A personal story from one of our members.
Having been born in the USA, English has always been my primary language. The sheer number of words in the language itself is unfathomable. I find myself learning new words every day and reveling in their meanings.
When I started high school, I was told that I would need to take a foreign language. I had to choose between either French or Spanish. I decided to go with Spanish as this was a very prominent language in my home state of California. I will admit, I was displeased with the idea because why did I need to know another language?
I struggled at first because the dialect itself is complicated with pronunciations of specific letters, such as rolling the “R” in words as well as writing the Spanish language. I dedicated myself to learning the language and passed all four years of Spanish in high school. I was fluent enough, and my teacher rewarded my class and myself with a trip to Cabo San Lucas, Mexico. It was a blessing, even more so because we were going for two whole weeks!
Upon arriving in Mexico, it was apparent that no English was spoken and our teacher would not allow it. If we wanted to know a specific word, we had to ask “Como se dice” instead of “How do you say”. Some of my classmates grumbled about it, but I was excited because I could communicate with these amazing people and learn all about their culture.

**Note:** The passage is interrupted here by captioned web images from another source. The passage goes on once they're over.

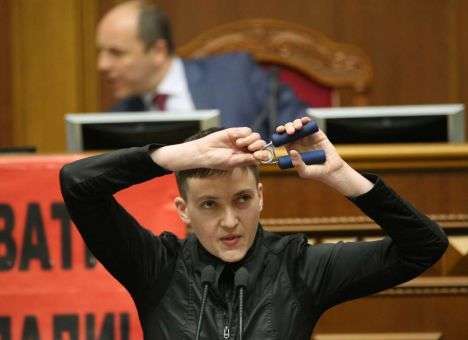 Если кто-то встанет на моем пути, смету его с дороги, - Савченко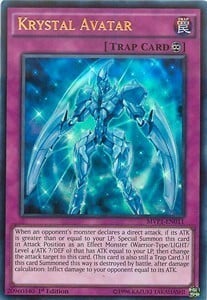 Avatar Krystal Card Front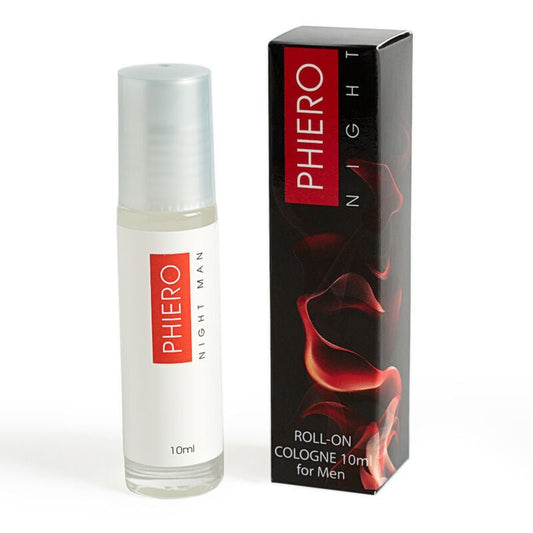 500 COSMETICS - PHIERO NIGHT MAN PERFUME FEROMONAS HOMBRE CON ROLL - ON - Lover Dreams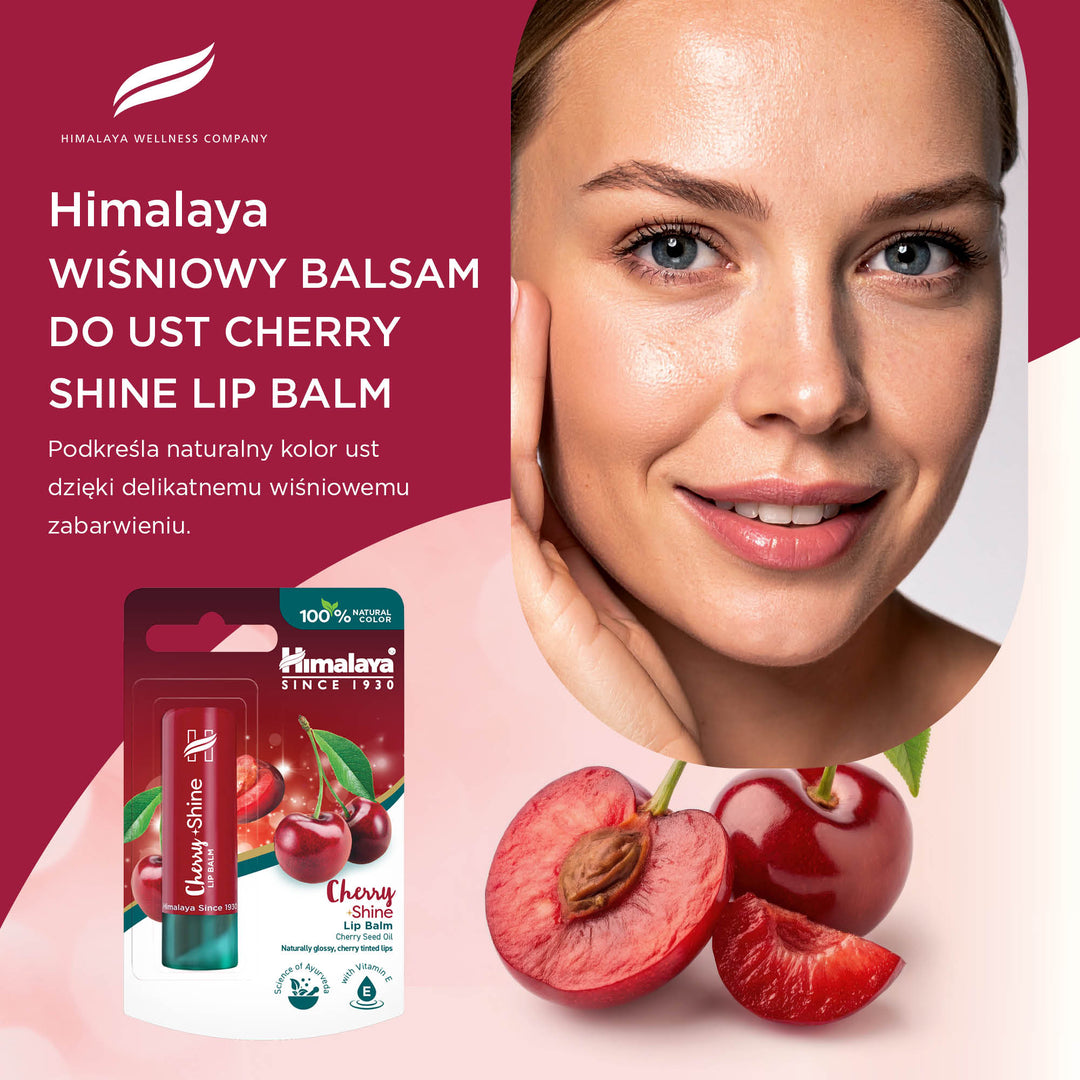 Himalaya Balsam do ust Cherry Shine, 4.5 g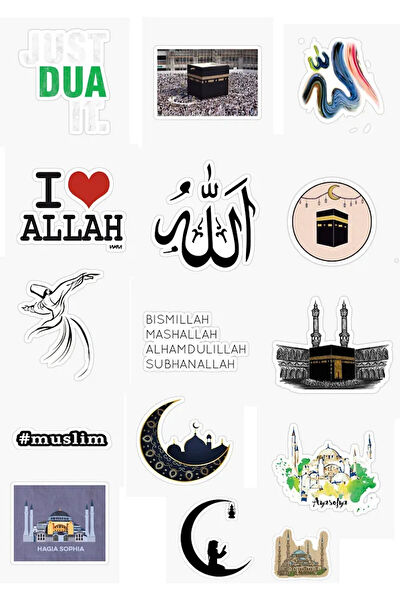 Major Selection Etiket, Sticker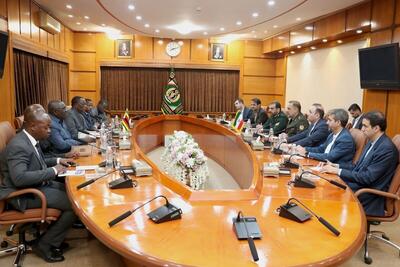 وزیر دفاع: اراده ایران برقراری روابط دوستانه با کشورهای آفریقایی است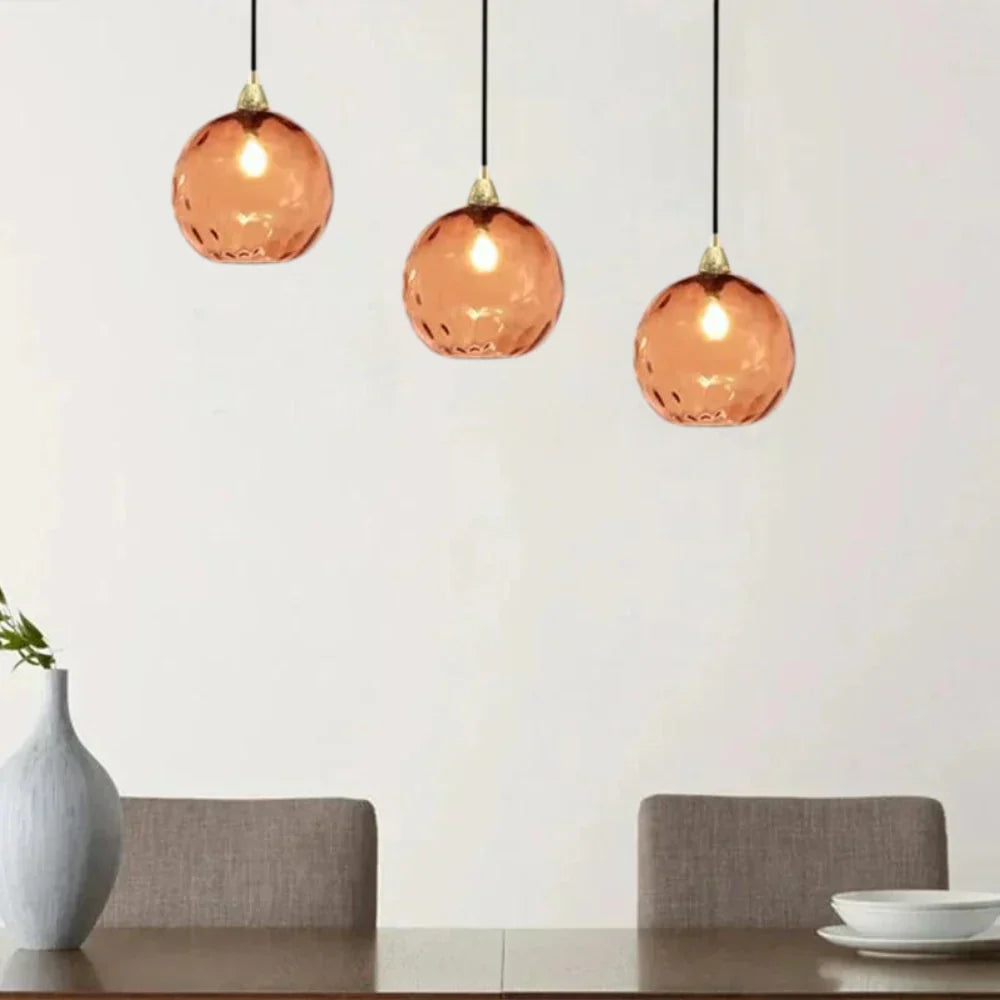 Modern Glass Pendant Ceiling Lamp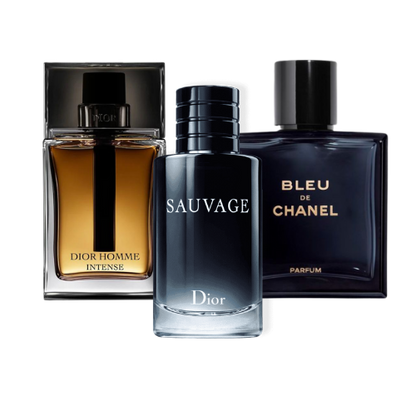 Trío Exclusivo de Aromas Elegantes para Caballeros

I conversed with as many people as I could, learning about their lives and the overall culture. I learned about families, their history, and heritage. In return, they asked about mine. In addition to speaking Spanish with the natives, I also learned new foods, clothing styles and joined the families I had befriended in their activities and meals.
Two weeks went by fast, and I was sad to leave. I had become terrific friends with a girl named Maria, and we promised to become pen pals. We would write each other twice a month, and we each made a requirement of each other. I would write my letters in Spanish, and she would write hers in English. We would then make copies and send the corrections back to each other.
Now having learned Spanish, I was able to help someone learn English! What an exciting new venture this was. We wrote long letters to each other, each sending papers riddled with red marks back and forth to each other. Soon the red markings became non-existent and both of our second languages had flourished.
Maria began to teach her family English, and at times letters from them would be included with hers in my mailbox. The letters would range from hysterical to sometimes emotional, but nonetheless, I helped her family learn English and my Spanish proficiency was past expert level.
I was reluctant to learn a second language but once I did, I saw how it not only benefitted my life but also enabled me to help others. It was life-changing, and I am incredibly grateful.